**DATASET EXCERPTS:**

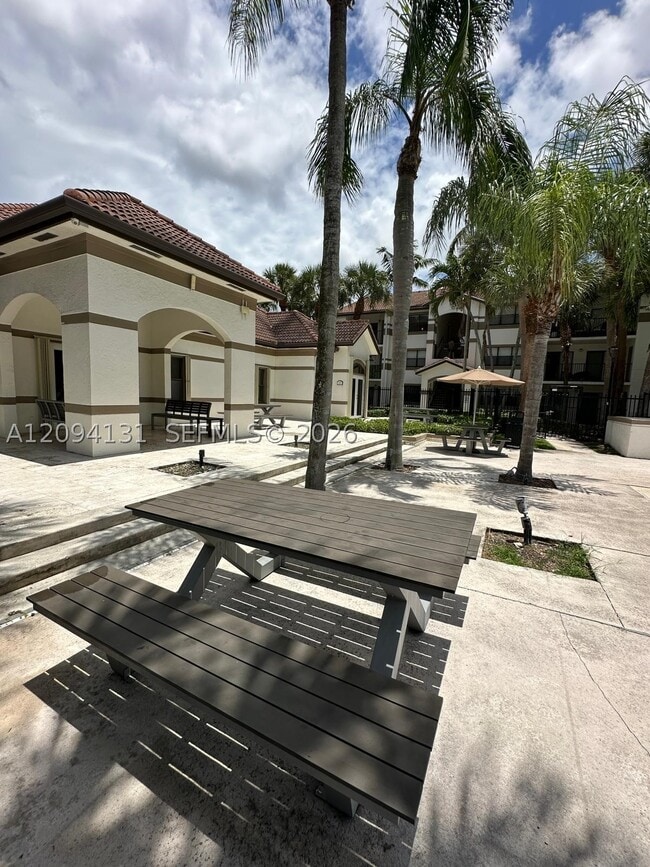 540 S Park Rd Unit 16-9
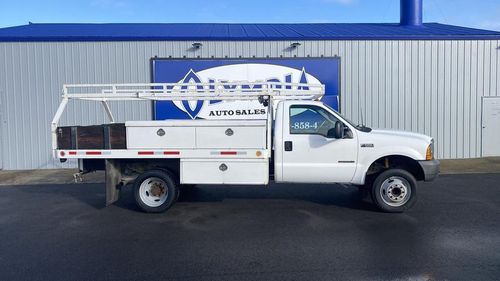 1901 - 2000 Ford F-550 Super Duty 141  WB Chassis Regular Cab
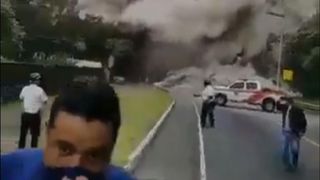  Au moins 25 personnes ont été tuées lorsque le volcan Fuego du Guatemala est entré en éruption le 3 juin. Le mélange de roche et de gaz, connu sous le nom de coulée pyroclastique, s'est précipité à toute allure le long de la montagne, laissant peu de temps pour s'échapper. srcset = "https://e3.365dm.com/18/06/320x180/skynews-guatemala-ash-cloud_4328151.jpg?20180604181803 320w, https://e3.365dm.com/18/06/640x380/skynews- guatemala-ash-cloud_4328151.jpg? 20180604181803 640w, https://e3.365dm.com/18/06/736x414/skynews-guatemala-ash-cloud_4328151.jpg?20180604181803 736w, https://e3.365dm.com/ 18/06 / 992x558 / skynews-guatemala-ash-cloud_4328151.jpg? 20180604181803 992w, https://e3.365dm.com/18/06/1096x616/skynews-guatemala-ash-cloud_4328151.jpg?20180604181803 1096w, https: //e3.365dm.com/18/06/1600x900/skynews-guatemala-ash-cloud_4328151.jpg?20180604181803 1600w, https://e3.365dm.com/18/06/1920x1080/skynews-guatemala-ash-cloud_4328151 .jpg? 20180604181803 1920w, https://e3.365dm.com/18/06/2048x1152/skynews-guatemala-ash-cloud_4328151.jpg?20180604181803 2048w "tailles =" (min-largeur: 900px) 992px, 100vw [19659022] 0:44
                        </span><br />
                    </span></p>
<p>            </span><figcaption class=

**ASSIGNMENT:**
All of the material above must be given again verbatim, except for the pictures.

**RESPONSE FOR THIS EXERCISE:**
 540 S Park Rd Unit 16-9
 1901 - 2000 Ford F-550 Super Duty 141  WB Chassis Regular Cab
  Au moins 25 personnes ont été tuées lorsque le volcan Fuego du Guatemala est entré en éruption le 3 juin. Le mélange de roche et de gaz, connu sous le nom de coulée pyroclastique, s'est précipité à toute allure le long de la montagne, laissant peu de temps pour s'échapper. srcset = "https://e3.365dm.com/18/06/320x180/skynews-guatemala-ash-cloud_4328151.jpg?20180604181803 320w, https://e3.365dm.com/18/06/640x380/skynews- guatemala-ash-cloud_4328151.jpg? 20180604181803 640w, https://e3.365dm.com/18/06/736x414/skynews-guatemala-ash-cloud_4328151.jpg?20180604181803 736w, https://e3.365dm.com/ 18/06 / 992x558 / skynews-guatemala-ash-cloud_4328151.jpg? 20180604181803 992w, https://e3.365dm.com/18/06/1096x616/skynews-guatemala-ash-cloud_4328151.jpg?20180604181803 1096w, https: //e3.365dm.com/18/06/1600x900/skynews-guatemala-ash-cloud_4328151.jpg?20180604181803 1600w, https://e3.365dm.com/18/06/1920x1080/skynews-guatemala-ash-cloud_4328151 .jpg? 20180604181803 1920w, https://e3.365dm.com/18/06/2048x1152/skynews-guatemala-ash-cloud_4328151.jpg?20180604181803 2048w "tailles =" (min-largeur: 900px) 992px, 100vw [19659022] 0:44
                        </span><br />
                    </span></p>
<p>            </span><figcaption class=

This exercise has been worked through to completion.